Dua hari berlalu, keadaan sang mama belum membaik sehingga masih tetap harus di rawat di sana, setiap hari selalu bergantian jaga, ketika pagi sampai sore Ima yang akan menjaga, dan malamnya di ganti oleh sang Kakak, sebenarnya ia ingin terus berada di sana, namun mamanya tidak mengizinkannya dikarenakan ia punya suami."Dimakan, jangan cuma di lihat!" Entah sudah ke sekian kalinya Ilham mencoba membujuk Ima, yang hanya di balas dengan gelengan kepala.
"Kamu harus makan Ima!" Kali ini suara Ilham terdengar sedikit frustasi.
"Kalau kamu seperti ini, nanti kamu juga bisa sakit." Dengan cekatan ia menggenggam tangan Ima lalu membimbingnya untuk memegang garpu dan sendok, Ima sedikit terkejut dengan perlakuan Ilham yang tidak pernah di lakukan sebelumnya.
"Ayo makanlah!" Ilham menatap dengan memohon, entah dengan perlakuan itu membuatnya seketika luluh, Ima menurut lalu menyantap makanannya.
Ilham yang melihatnya langsung lega, ia pun kembali duduk di tempatnya, menatap Ima yang kini sudah mau makan.
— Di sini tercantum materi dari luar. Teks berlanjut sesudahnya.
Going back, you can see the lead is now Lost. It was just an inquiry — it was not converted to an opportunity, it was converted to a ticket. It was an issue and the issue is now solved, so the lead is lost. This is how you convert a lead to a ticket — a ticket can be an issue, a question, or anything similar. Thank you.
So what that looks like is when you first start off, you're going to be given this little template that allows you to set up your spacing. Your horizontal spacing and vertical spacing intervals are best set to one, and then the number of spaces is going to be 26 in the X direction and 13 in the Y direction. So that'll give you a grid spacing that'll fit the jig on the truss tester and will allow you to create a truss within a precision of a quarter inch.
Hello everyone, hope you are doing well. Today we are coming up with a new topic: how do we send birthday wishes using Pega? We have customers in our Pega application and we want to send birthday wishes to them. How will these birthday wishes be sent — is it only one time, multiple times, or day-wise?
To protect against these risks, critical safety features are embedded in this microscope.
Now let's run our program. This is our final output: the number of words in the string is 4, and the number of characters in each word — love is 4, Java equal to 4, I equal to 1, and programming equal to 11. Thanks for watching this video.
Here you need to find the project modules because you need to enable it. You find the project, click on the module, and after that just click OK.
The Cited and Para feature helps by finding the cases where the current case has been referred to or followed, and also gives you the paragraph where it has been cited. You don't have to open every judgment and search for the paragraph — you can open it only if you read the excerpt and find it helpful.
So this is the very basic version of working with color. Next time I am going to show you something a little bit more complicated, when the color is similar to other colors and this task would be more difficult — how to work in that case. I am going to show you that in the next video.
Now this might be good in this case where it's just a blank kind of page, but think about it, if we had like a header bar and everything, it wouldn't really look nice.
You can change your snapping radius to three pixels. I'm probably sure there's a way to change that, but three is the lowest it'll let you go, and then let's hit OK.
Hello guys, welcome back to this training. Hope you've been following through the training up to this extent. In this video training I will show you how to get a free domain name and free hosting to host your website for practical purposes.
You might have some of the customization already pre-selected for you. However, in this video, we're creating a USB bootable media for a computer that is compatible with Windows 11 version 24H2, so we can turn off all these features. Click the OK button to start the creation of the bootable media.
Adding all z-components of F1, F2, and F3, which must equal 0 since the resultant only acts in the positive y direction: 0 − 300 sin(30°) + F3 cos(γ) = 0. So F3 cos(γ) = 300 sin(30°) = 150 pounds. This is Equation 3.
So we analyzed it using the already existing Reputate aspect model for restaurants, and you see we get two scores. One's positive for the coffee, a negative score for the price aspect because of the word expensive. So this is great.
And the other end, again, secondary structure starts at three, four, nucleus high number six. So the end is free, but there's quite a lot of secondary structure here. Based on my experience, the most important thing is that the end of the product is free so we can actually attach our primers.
"Oh ya, minggu depan pernikahan Mita akan di laksanakan, apa kamu mau menemaniku datang kesana?" Tanya Ilham membuat Ima yang kini tengah menyantap makanannya terdiam.
"Apa Kakak yakin ingin datang ke acara pernikahannya?" Kali ini ia berani bertanya.
Ilham terdiam sesaat. "Ya, tentu saja kenapa tidak?" Jawab Ilham dengan wajah datar.
Kenapa wajah Kakak muram? Apa dua hari ini kakak lebih banyak diam? Apa itu karena memikirkan pernikahan Mita? Apa memang Kakak masih mencintainya?
"Bagaimana? Apa kamu mau ikut?"
"Baiklah, aku ikut." Jawab Ima.
"Oke, terimakasih." Ilham kembali menyantap makanannya, sementara Ima, dia menatap Ilham dengan sendu. Dia berpikir pasti di dalam hati Ilham saat ini begitu terluka, dikarenakan orang yang di cintainya akan menikah dengan pria lain.
***
Siang ini setelah makan siang berlalu, Ima diam-diam menemui Mita, untungnya di dalam kertas undangan tertera alamat rumahnya sehingga ia nekat untuk mendatangi rumahnya.
"Ima? Tumben kamu ke sini, ada apa?" tanya Mita dengan terkejut.
"Hanya ingin bersilaturahmi, Kak." Jawab Ima bersamaan dengan senyum yang sedikit di paksa. Keduanya masih saling bertatapan, raut wajah kebingungan Mita terlihat begitu jelas.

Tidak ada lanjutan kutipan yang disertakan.